Start of INFORMATION GIVEN

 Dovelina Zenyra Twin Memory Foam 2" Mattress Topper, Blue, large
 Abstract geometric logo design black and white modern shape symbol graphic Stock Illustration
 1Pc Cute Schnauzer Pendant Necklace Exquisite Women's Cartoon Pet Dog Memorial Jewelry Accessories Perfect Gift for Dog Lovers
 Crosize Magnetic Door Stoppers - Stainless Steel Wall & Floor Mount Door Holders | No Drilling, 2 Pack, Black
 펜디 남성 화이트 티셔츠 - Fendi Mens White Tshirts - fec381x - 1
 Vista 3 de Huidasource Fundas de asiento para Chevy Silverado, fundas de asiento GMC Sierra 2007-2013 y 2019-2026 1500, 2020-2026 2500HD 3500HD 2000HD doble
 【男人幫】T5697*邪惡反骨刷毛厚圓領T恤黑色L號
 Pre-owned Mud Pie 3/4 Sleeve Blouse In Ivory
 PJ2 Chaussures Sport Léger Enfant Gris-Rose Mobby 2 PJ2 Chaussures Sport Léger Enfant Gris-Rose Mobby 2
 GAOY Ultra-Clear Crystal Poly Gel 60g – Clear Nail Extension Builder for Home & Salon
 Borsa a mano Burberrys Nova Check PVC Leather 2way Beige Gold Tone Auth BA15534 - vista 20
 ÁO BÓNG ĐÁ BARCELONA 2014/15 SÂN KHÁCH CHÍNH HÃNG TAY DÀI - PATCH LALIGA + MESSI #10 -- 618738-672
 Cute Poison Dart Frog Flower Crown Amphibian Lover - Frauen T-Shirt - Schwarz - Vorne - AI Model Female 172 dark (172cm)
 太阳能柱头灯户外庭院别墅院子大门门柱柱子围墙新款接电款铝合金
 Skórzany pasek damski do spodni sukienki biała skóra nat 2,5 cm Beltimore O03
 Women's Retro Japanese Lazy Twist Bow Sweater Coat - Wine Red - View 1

End of INFORMATION GIVEN

WHAT YOU NEED TO DO —
Every line above should be output exactly as it stands.

OUTPUT BELOW —
 Dovelina Zenyra Twin Memory Foam 2" Mattress Topper, Blue, large
 Abstract geometric logo design black and white modern shape symbol graphic Stock Illustration
 1Pc Cute Schnauzer Pendant Necklace Exquisite Women's Cartoon Pet Dog Memorial Jewelry Accessories Perfect Gift for Dog Lovers
 Crosize Magnetic Door Stoppers - Stainless Steel Wall & Floor Mount Door Holders | No Drilling, 2 Pack, Black
 펜디 남성 화이트 티셔츠 - Fendi Mens White Tshirts - fec381x - 1
 Vista 3 de Huidasource Fundas de asiento para Chevy Silverado, fundas de asiento GMC Sierra 2007-2013 y 2019-2026 1500, 2020-2026 2500HD 3500HD 2000HD doble
 【男人幫】T5697*邪惡反骨刷毛厚圓領T恤黑色L號
 Pre-owned Mud Pie 3/4 Sleeve Blouse In Ivory
 PJ2 Chaussures Sport Léger Enfant Gris-Rose Mobby 2 PJ2 Chaussures Sport Léger Enfant Gris-Rose Mobby 2
 GAOY Ultra-Clear Crystal Poly Gel 60g – Clear Nail Extension Builder for Home & Salon
 Borsa a mano Burberrys Nova Check PVC Leather 2way Beige Gold Tone Auth BA15534 - vista 20
 ÁO BÓNG ĐÁ BARCELONA 2014/15 SÂN KHÁCH CHÍNH HÃNG TAY DÀI - PATCH LALIGA + MESSI #10 -- 618738-672
 Cute Poison Dart Frog Flower Crown Amphibian Lover - Frauen T-Shirt - Schwarz - Vorne - AI Model Female 172 dark (172cm)
 太阳能柱头灯户外庭院别墅院子大门门柱柱子围墙新款接电款铝合金
 Skórzany pasek damski do spodni sukienki biała skóra nat 2,5 cm Beltimore O03
 Women's Retro Japanese Lazy Twist Bow Sweater Coat - Wine Red - View 1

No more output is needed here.